However, Unity queries time at the beginning of Update. Because of that, any variation in time it takes to issue rendering commands, pump OS messages or process input events will throw off the result.

A simplified Unity main thread loop can be defined like this:

while (!ShouldQuit())
{
PumpOSMessages();
UpdateInput();
SampleTime(); // We sample time here!
Update();
WaitForRenderThread();
IssueRenderingCommands();
}

The solution to this problem seems to be straightforward: just move the time sampling to after the wait, so the game loop becomes this:

while (!ShouldQuit())
{
PumpOSMessages();
UpdateInput();
Update();
WaitForRenderThread();
SampleTime();
IssueRenderingCommands();
}

However, this change doesn’t work correctly: rendering has different time readings than Update(), which has adverse effects on all sorts of things. One option is to save the sampled time at this point and update engine time only at the beginning of the next frame. However, that would mean the engine would be using time from before rendering the latest frame.
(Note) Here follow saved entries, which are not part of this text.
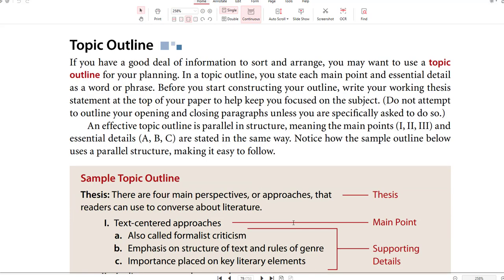Topic Outline: if you have a good deal of information to sort and arrange, you may want to use a topic outline for your planning. In a topic outline, you state each main point and essential detail as a word or phrase. Before you start constructing your outline, write your working thesis statement at the top of your paper to help you stay focused. Do not attempt to outline your opening and closing paragraphs unless specifically asked to. An effective topic outline is parallel in structure, meaning main points 1, 2, and 3, and essential details A, B, and C are stated in the same way. Notice how the sample outline below uses parallel structure, making it easy to follow.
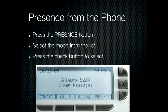From your phone, you'll press the Presence button, which is the rightmost button under your screen. You'll then select the mode from the list that comes up, and press the check button on the right to select the mode you like.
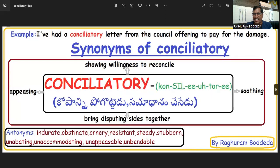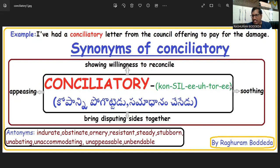I have had a conciliatory letter from Hungslo offering to pay for the damage. Here, the word conciliatory may have many meanings. We can use it in a common way: showing some sort of willingness to reconcile, or making things smooth, or bringing disputed sides together.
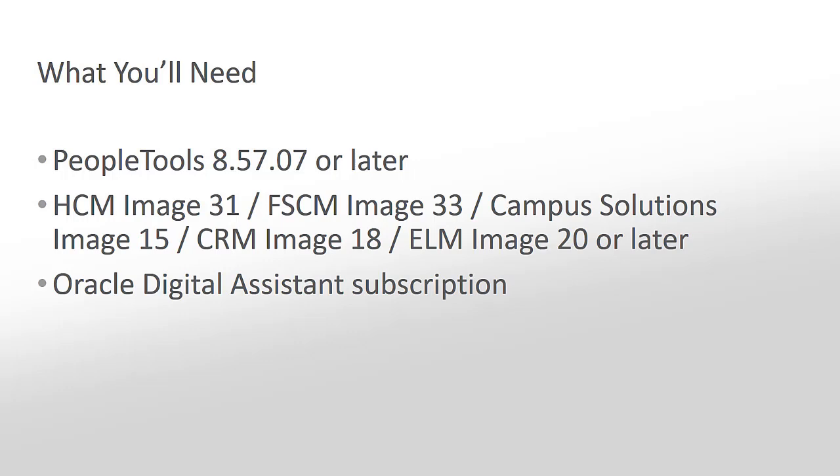The PeopleSoft Chatbot integration framework components are delivered in HCM Image 31 or FSCM Image 33. Note that although Chatbots use the cloud-based ODA application, you can use them with PeopleSoft deployed either on-premise or in the Oracle Cloud infrastructure. Delivered Bots are part of the PeopleSoft products they provide skills for and are included in a license for the respective applications.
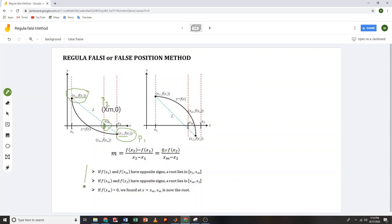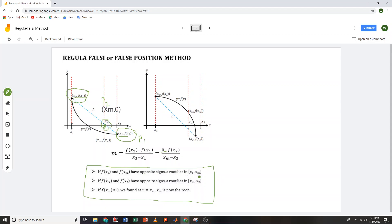Now keep in mind this rule for approximating the root using the False Position method. We have three cases: if f(x1) and f(xm) have opposite signs, the root lies between x1 and xm. If f(xm) and f(x2) have opposite signs, the root lies between xm and x2. And if f(xm) equals zero, then xm is the root and we stop.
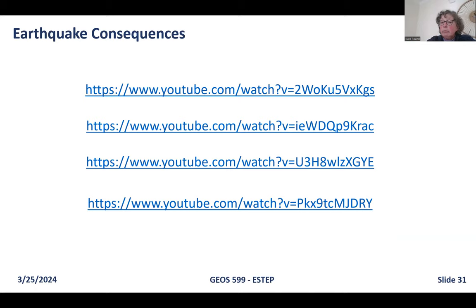We are done with our investigation of earthquakes — thank you very much. This week we'll be working on water: streams, floods, and groundwater.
Since moving SampleTime() to after the Update() is not effective, perhaps moving the wait to the beginning of the frame will be more successful:

while (!ShouldQuit())
{
PumpOSMessages();
UpdateInput();
WaitForRenderThread();
SampleTime();
Update();
IssueRenderingCommands();
}

Unfortunately, that causes another issue: now the render thread must finish rendering almost as soon as requested, which means that the rendering thread will benefit only minimally from doing work in parallel.

Let’s look back at the frame timeline:

Unity enforces pipeline synchronization by waiting for the render thread each frame. This is needed so that the main thread doesn’t run too far ahead of what is being displayed on the screen. Render thread is considered to be “done working” when it finishes rendering and waits for a frame to appear on the screen. In other words, it waits for the back buffer to be flipped and become the front buffer. However, the render thread doesn’t actually care when the previous frame was displayed on the screen – only the main thread is concerned about it because it needs to throttle itself. So instead of having the render thread wait for the frame to appear on the screen, this wait can be moved to the main thread. Let's call it WaitForLastPresentation(). The main thread loop becomes:

while (!ShouldQuit()) { PumpOSMessages(); UpdateInput(); WaitForLastPresentation(); SampleTime(); Update(); WaitForRenderThread(); IssueRenderingCommands(); }

Time is now sampled just after the wait portion of the loop, so the timing will be aligned with the monitor’s refresh rate. Time is also sampled at the beginning of the frame, so Update() and Render() see the same timings.

It is very important to note that WaitForLastPresention() does not wait for the framen - 1 to appear on the screen. If that was the case, no pipelining would be done at all. Instead, it waits for framen - QualitySettings.maxQueuedFrames to appear on the screen, which allows the main thread to continue without waiting for the last frame to complete (unless maxQueuedFrames is set to 1, in which case every frame must be completed before a new one starts).

Achieving stability: We need to go deeper!

After implementing this solution, delta time became much more stable than it was before, but some jitter and occasional variance still occurred. We depend on the operating system waking up the engine from sleep on time. This can take multiple microseconds and therefore introduce jitter to the delta time, especially on desktop platforms where multiple programs are running at the same time.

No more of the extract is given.